The visit was harrowing throughout. It starts by providing the background to what occurred, before giving an overview of the violence itself. The story is told through artefacts, documents, pictures and text. Touch screen TVs play the dreadful accounts of the survivors. The story of these people is always the same - loved ones butchered and brutalised, often by people who had previously been friends, neighbours and work colleagues. A young woman, who lost her entire family, describes how 5% of the Hutus tried to help, 5% were indifferent and the remainder were caught up in an orgy of blood lust and violence. It serves as a gruesome reminder of just how easily the thin veneer of civilisation can be cast off.

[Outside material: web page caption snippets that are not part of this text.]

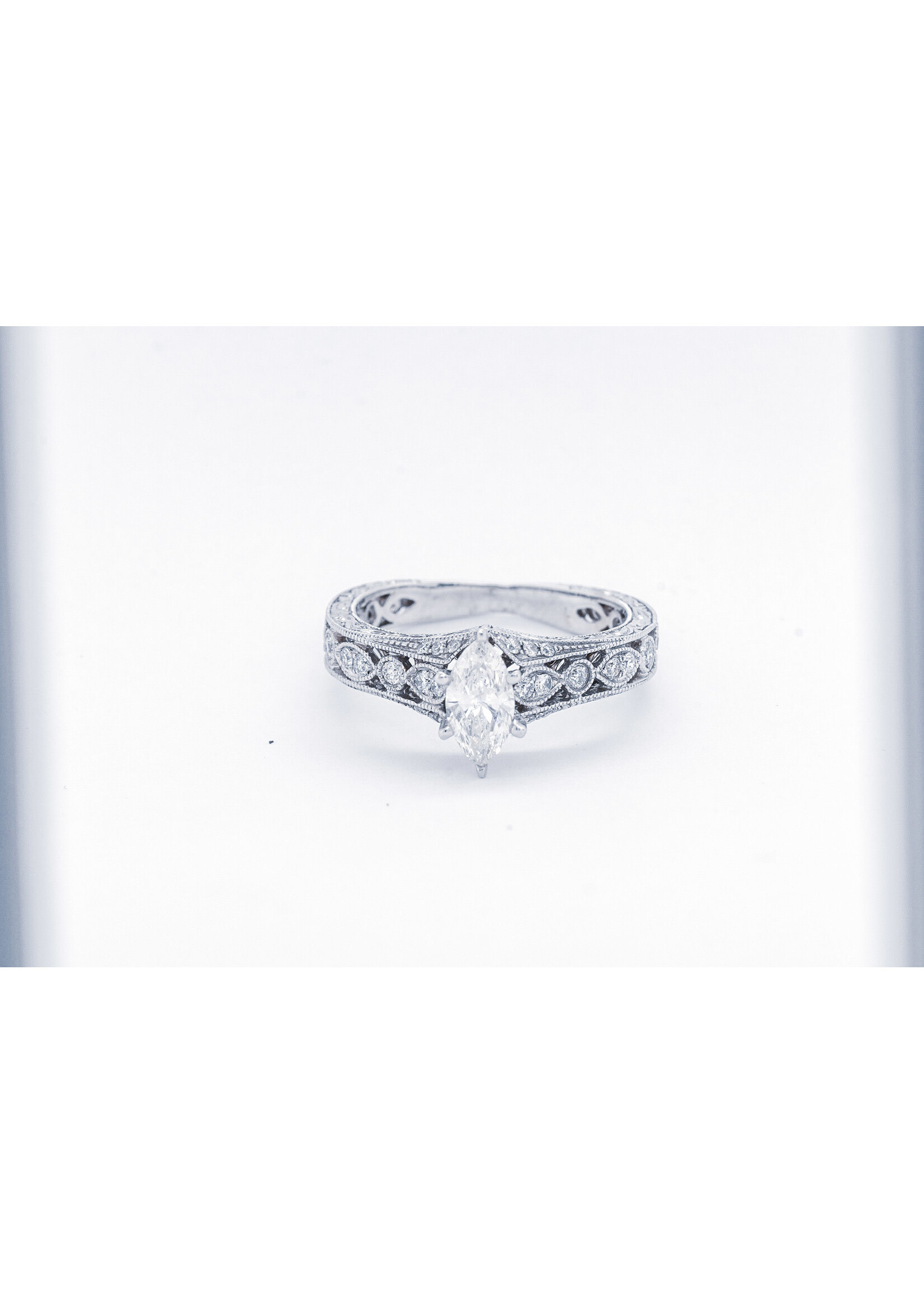 14KW 5.45g 1.16ctw (.60ctr) Diamond Engagement Ring (size 6)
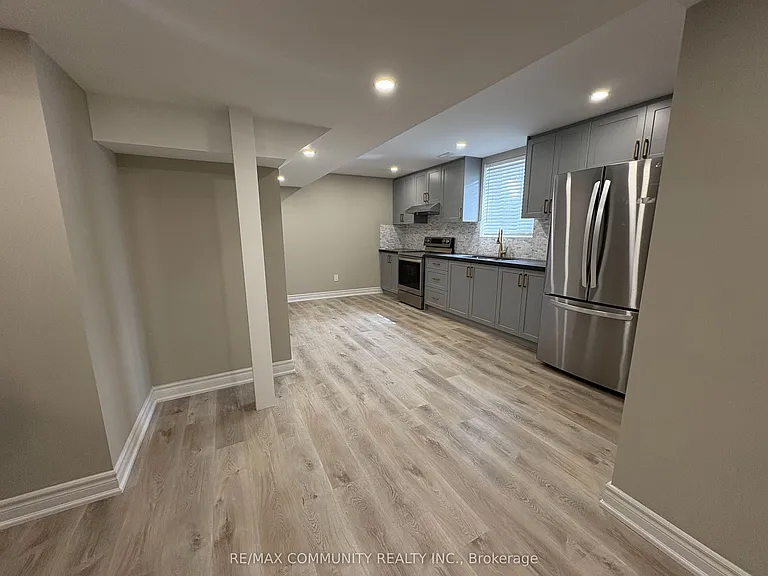 60 Saint Hubert Dr — Photo 7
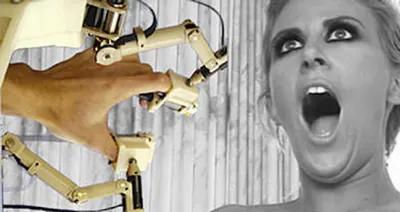 Японские медики ищут опухоль виртуальной груди в «перчатке»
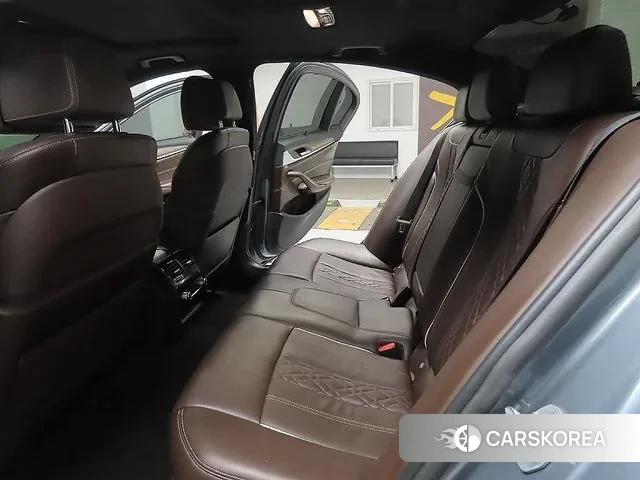 BMW 5 Series (G30) id 3698910 из Кореи 19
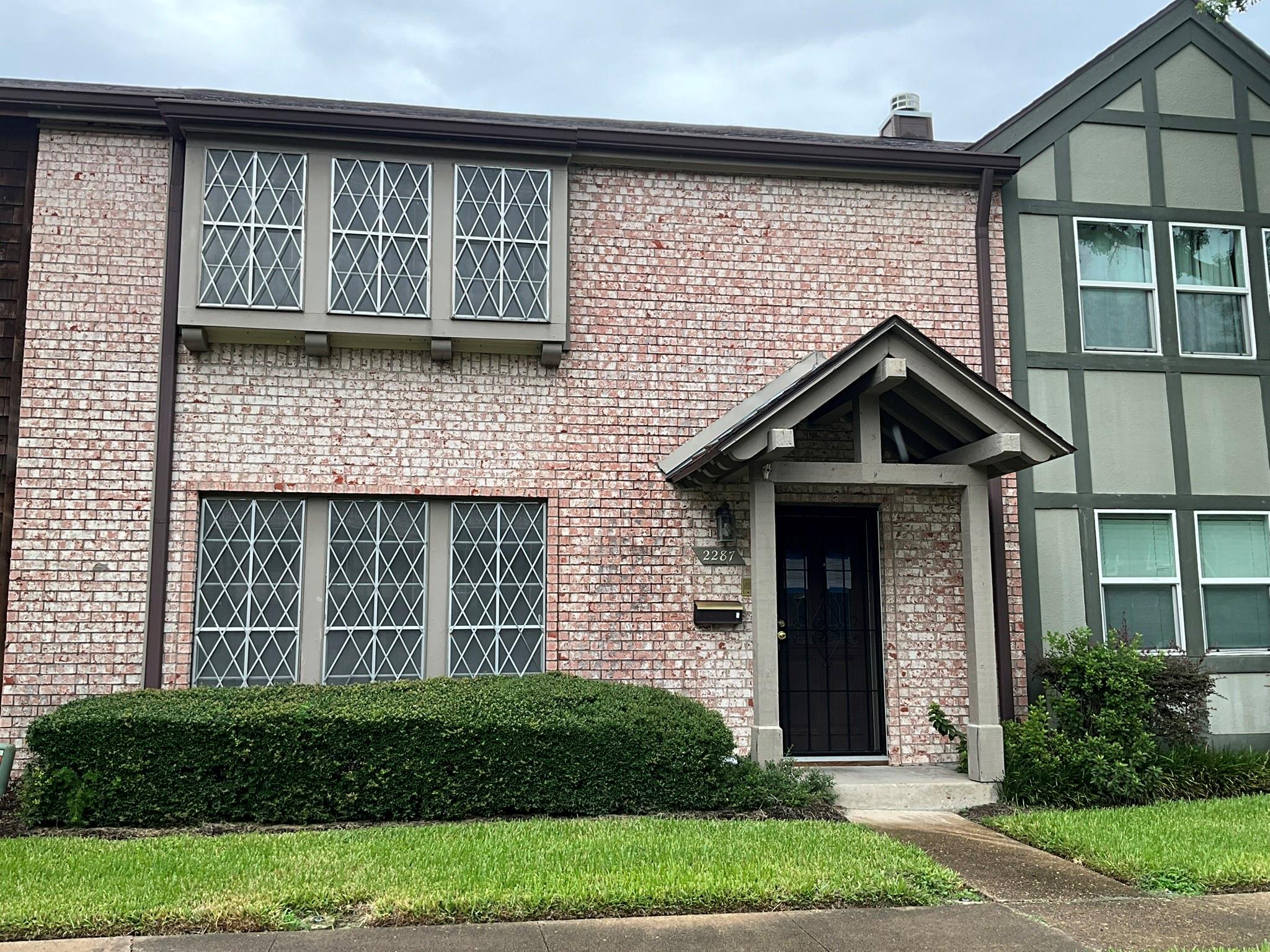 2287 Triway Lane #281 — photo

A large, round room contained hundreds if not thousands of photographs of people who were killed. They were just the ordinary snapshots we all keep somewhere of loved ones in happy situations.
Another room contained the skulls, bones and artefacts of some of the dead. Personally, I found this area to be unnecessary. The enormity of what happened only 15 years ago was sinking in and it was as if the point was now being hammered home just to make sure. The final emotional twist came when I went upstairs.
Here there were pictures of children aged between 9 months and 10 years, who had been killed. The pictures were all of the children in life and underneath each picture was a brief biography - what they liked to eat, what they liked to do, what they were like and how they died. It was as if the details had been taken from a school report.
Most of the children had died from machete wounds to the head. Sisters aged 6 and 7 died together when a grenade was thrown into their shower.
Sorrow now became tinged with disbelief. An inability to comprehend how such violence could be wreaked upon these innocent lives.
It was proper that our journey to Rwanda should begin at the Genocide Memorial. But it coloured the remainder of our stay. The people I saw and met were just like anywhere else on our journey. At the back of my mind though there was always the question of what these people had done during those awful 100 days of killing.
My impression of Rwanda was of a thriving country. Kigali is a modern city by African standards and I much preferred it to Nairobi and Kampala. But woven into its fabric are shame and guilt that will take many generations to fade.
Thanks for posting and writing compassionately on a difficult, disturbing and emotional subject. I recall a BBC news item during the troubles late at night and watching a soldier, shot through a long lens from the safety of a hillside, butcher two women carrying water on a lonely country road with a machette. It's an image that remains with me today and like you the hatred and violence against individuals and humanity in this civil war is both bewildering and inexplicable. The stuff of nightmares.